Re: Thinking it through
If Billy had actually spent some time living in a typical rural location where incomes are low and the work is hard and the people are many, he would have noticed that many of the people eyeing the chickens and deliberating on their culinary qualities are not necessarily their owners. Security costs a lot, and there are no police to investigate multiple cases of multiple henocide. Even chicken wire (netting) needs plenty cash, and it needs to be buried on on side to stop the rats and dogs... and the snakes... they come and eat your eggs and chicks. So the netting has to be the expensive sort with small holes. The edge in the ground rusts in a a short time and is impossible to mend... and anyway free-range chickens... even in a law abiding community with no rats, dogs or feral carnivores... will happily lay their eggs in any shady spot they can find... and you won't.
He would have also noticed the dire shortage of cooking fuel... have you ever tried to take a 3 year old garbage heap tart and "cook until tender". It takes a lot of wood. Great recipe for soil erosion.
Then there is the small matter of conversion efficiency. Humans can also eat the grains that go into the chickens, and many struggle to grow enough of that for their own consumption. But the conversion loss of food value after passing it through a chicken just compounds the problem.

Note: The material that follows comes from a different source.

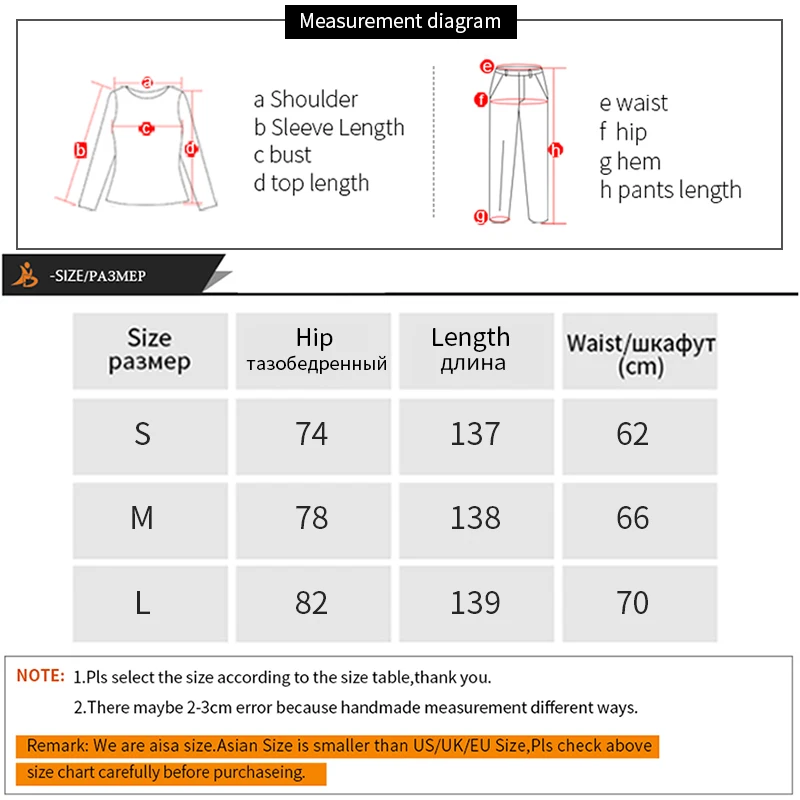 Sportsworkout Com Chart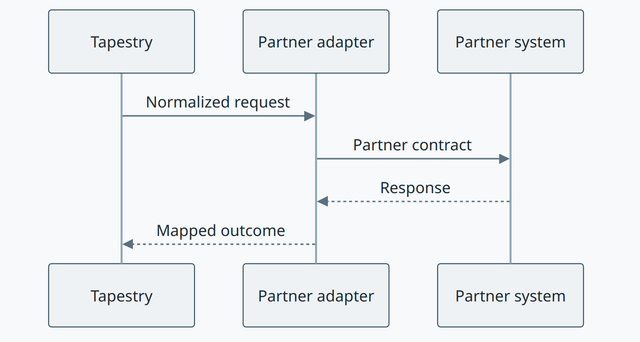 Partner Adapter concept diagram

Of course if Bill is looking to empower a business class to dominate the cereals market by driving up prices which they can recoup by feeding it to chickens to sell to the developing professional and entrepreneurial classes, where they exist, then he is likely to solve the development problem quickly. The demographics will soon show a surge in the percentage of the population in work and with their own business... the population will also be smaller, the rest will likely have starved to death.